**Information shown**.
-*-*-
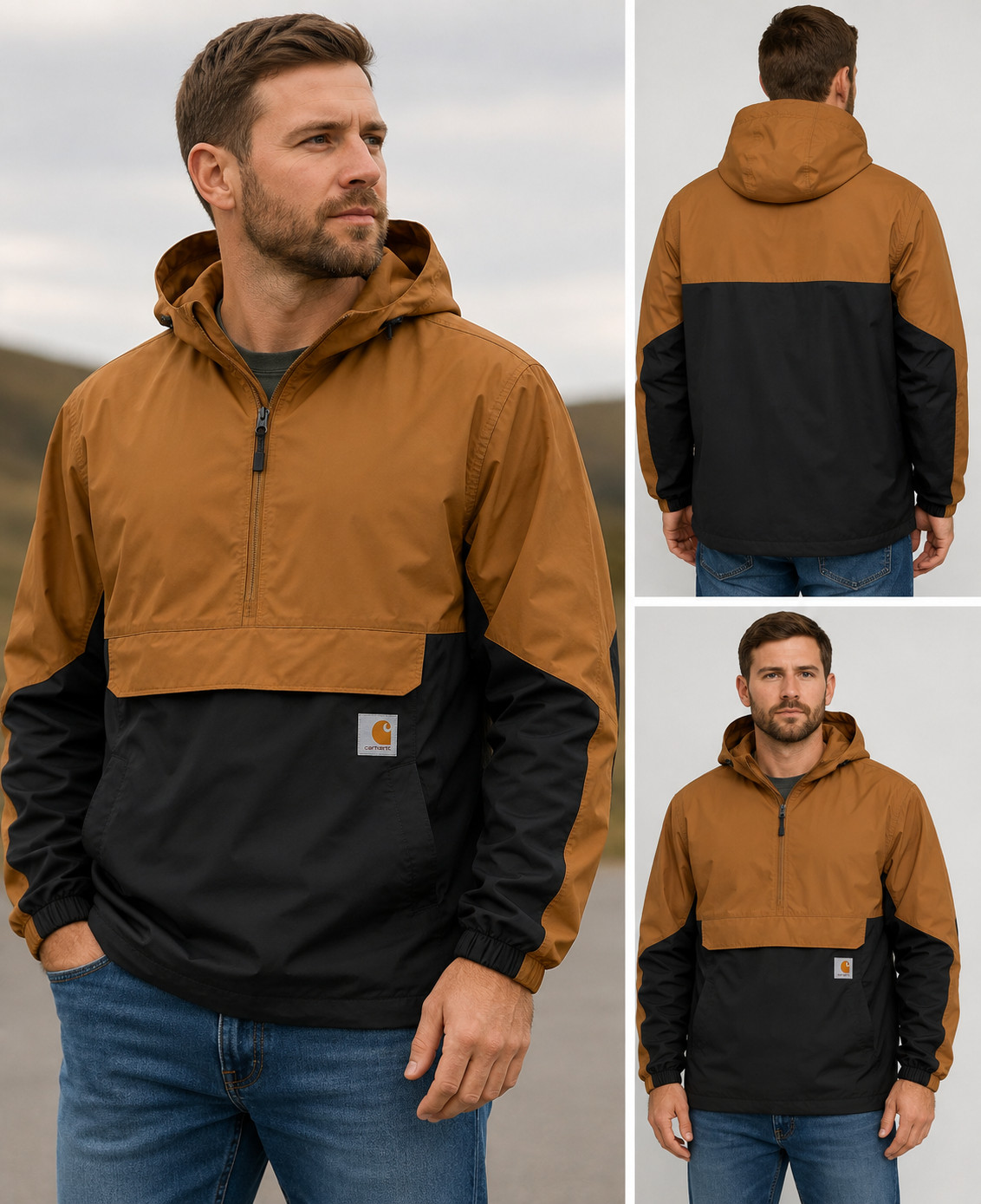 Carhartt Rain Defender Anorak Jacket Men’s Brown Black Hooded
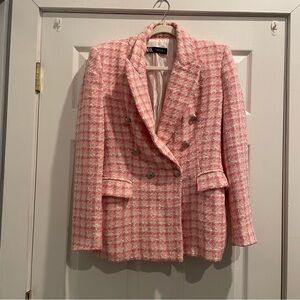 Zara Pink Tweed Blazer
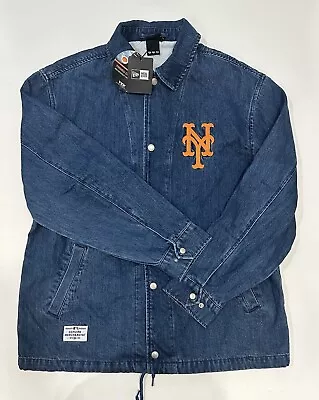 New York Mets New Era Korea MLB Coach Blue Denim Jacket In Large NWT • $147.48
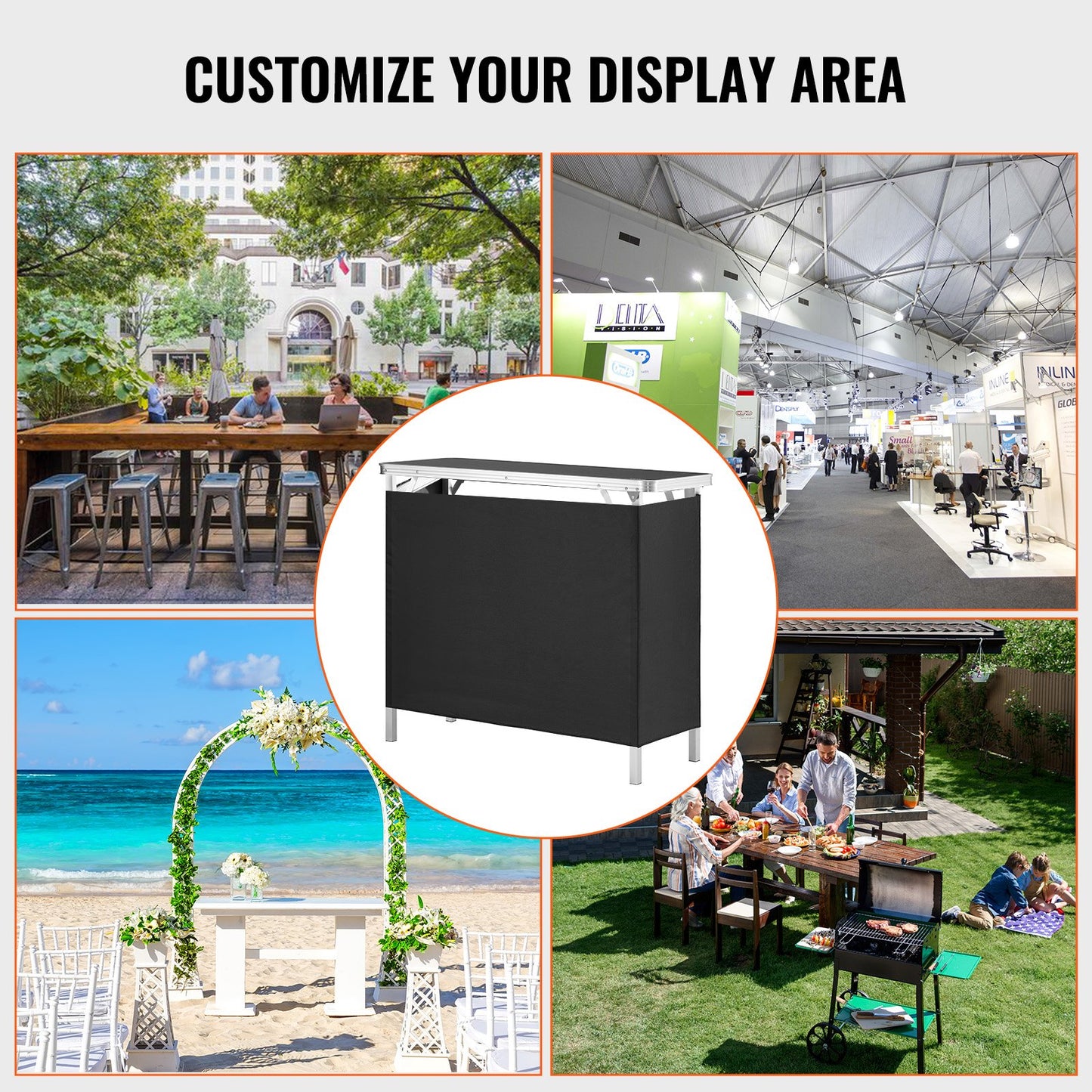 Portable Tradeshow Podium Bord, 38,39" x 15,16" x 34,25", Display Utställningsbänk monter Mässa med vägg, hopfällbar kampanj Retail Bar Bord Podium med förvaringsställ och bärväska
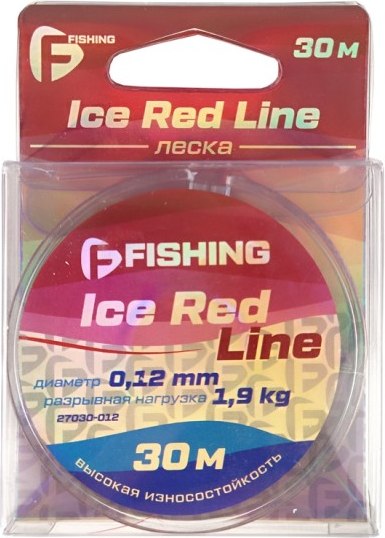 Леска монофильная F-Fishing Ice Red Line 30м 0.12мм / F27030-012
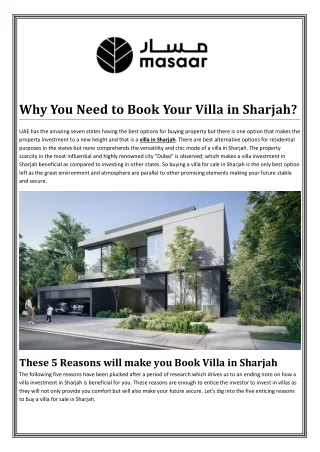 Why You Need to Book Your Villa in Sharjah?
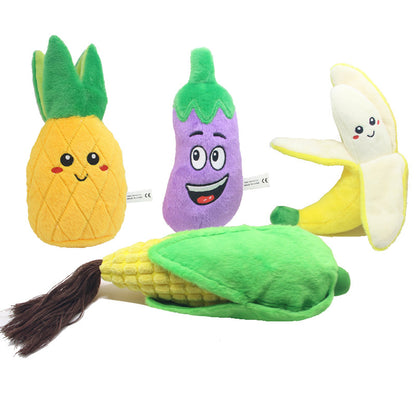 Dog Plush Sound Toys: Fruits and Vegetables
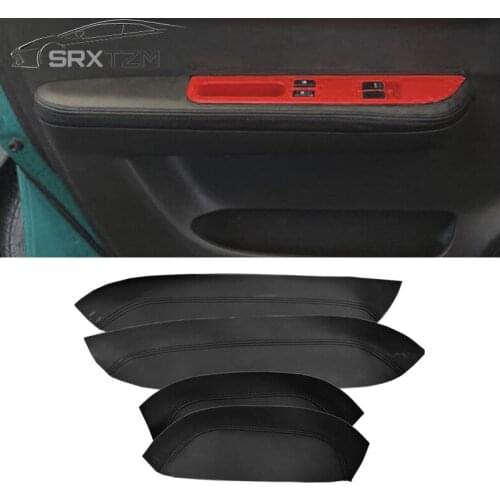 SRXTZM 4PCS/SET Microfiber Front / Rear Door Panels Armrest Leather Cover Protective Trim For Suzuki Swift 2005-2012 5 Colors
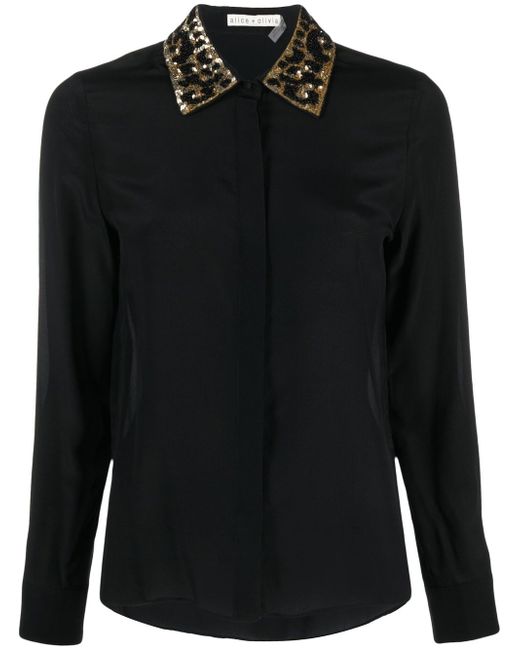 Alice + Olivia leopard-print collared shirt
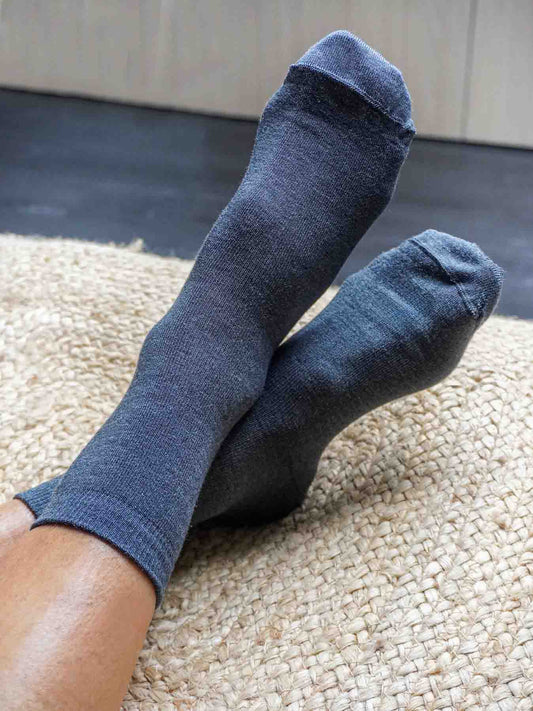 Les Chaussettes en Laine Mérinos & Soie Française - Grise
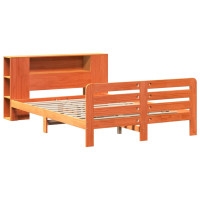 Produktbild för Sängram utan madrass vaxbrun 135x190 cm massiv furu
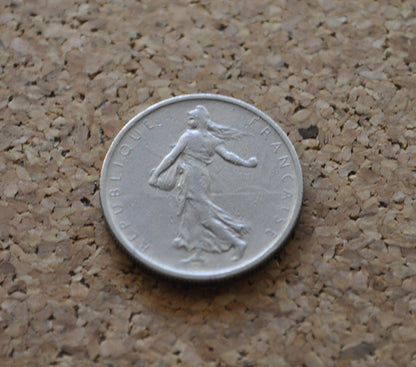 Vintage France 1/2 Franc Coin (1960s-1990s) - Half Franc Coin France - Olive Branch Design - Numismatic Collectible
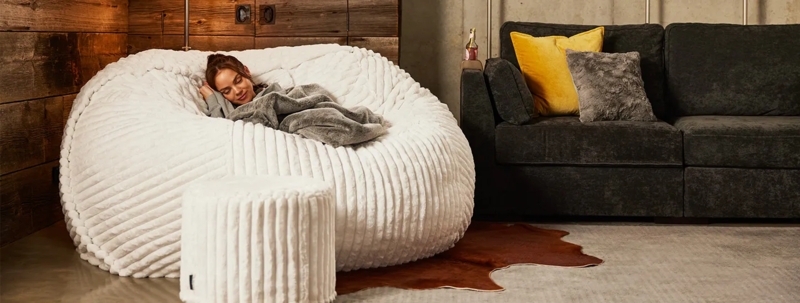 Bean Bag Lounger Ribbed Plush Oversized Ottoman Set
-*-*-
**Aim of the exercise**. Please give back exactly the lines from the first line of the records above through the line containing "Dog Plush Sound Toys: Fruits and Vegetables", only those and both included, with the pictures removed.

**Completed exercise**.
 Carhartt Rain Defender Anorak Jacket Men’s Brown Black Hooded
 Zara Pink Tweed Blazer
 New York Mets New Era Korea MLB Coach Blue Denim Jacket In Large NWT • $147.48
 Portable Tradeshow Podium Bord, 38,39" x 15,16" x 34,25", Display Utställningsbänk monter Mässa med vägg, hopfällbar kampanj Retail Bar Bord Podium med förvaringsställ och bärväska
 Леска монофильная F-Fishing Ice Red Line 30м 0.12мм / F27030-012
 Why You Need to Book Your Villa in Sharjah?
 Dog Plush Sound Toys: Fruits and Vegetables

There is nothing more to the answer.